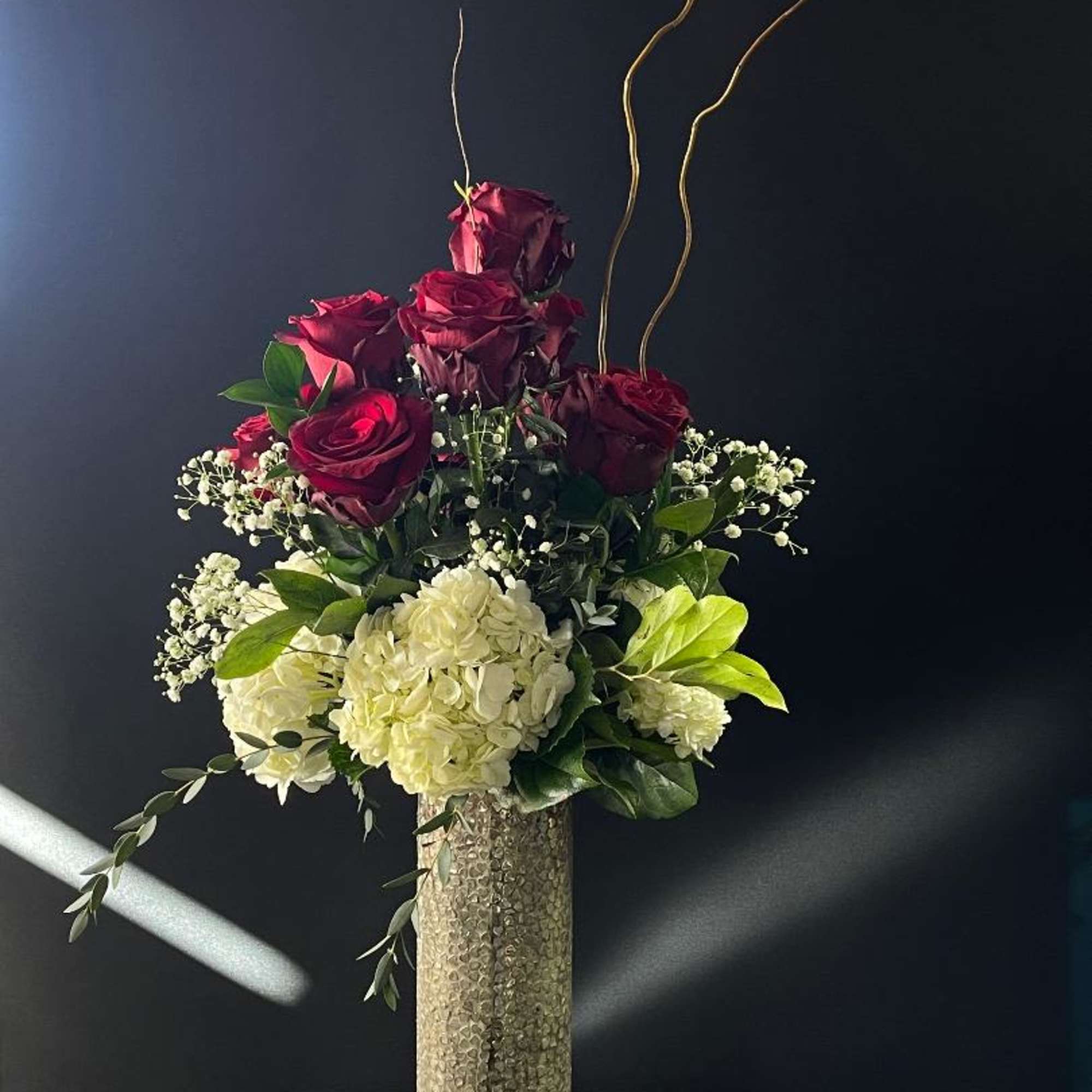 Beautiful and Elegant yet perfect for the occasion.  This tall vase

==

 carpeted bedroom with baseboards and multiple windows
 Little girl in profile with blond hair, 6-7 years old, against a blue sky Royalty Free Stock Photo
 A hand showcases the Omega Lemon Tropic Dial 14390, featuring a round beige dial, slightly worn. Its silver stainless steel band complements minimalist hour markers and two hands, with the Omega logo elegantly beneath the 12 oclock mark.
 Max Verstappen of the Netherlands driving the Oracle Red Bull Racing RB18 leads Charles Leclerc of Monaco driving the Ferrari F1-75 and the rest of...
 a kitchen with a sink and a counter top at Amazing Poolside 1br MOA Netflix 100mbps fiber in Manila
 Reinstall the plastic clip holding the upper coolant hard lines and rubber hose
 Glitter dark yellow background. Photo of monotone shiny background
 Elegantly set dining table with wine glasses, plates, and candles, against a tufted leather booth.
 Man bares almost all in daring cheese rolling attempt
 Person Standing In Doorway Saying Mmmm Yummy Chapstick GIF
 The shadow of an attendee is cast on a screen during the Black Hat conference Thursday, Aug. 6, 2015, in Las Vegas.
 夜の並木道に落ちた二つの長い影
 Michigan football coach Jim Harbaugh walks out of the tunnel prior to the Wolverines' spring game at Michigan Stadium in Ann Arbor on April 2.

#### WHAT IS BEING ASKED:
If a line in the records above holds the string "with", copy it out.

#### ANSWER TO THIS EXERCISE:
 carpeted bedroom with baseboards and multiple windows
 Little girl in profile with blond hair, 6-7 years old, against a blue sky Royalty Free Stock Photo
 A hand showcases the Omega Lemon Tropic Dial 14390, featuring a round beige dial, slightly worn. Its silver stainless steel band complements minimalist hour markers and two hands, with the Omega logo elegantly beneath the 12 oclock mark.
 a kitchen with a sink and a counter top at Amazing Poolside 1br MOA Netflix 100mbps fiber in Manila
 Elegantly set dining table with wine glasses, plates, and candles, against a tufted leather booth.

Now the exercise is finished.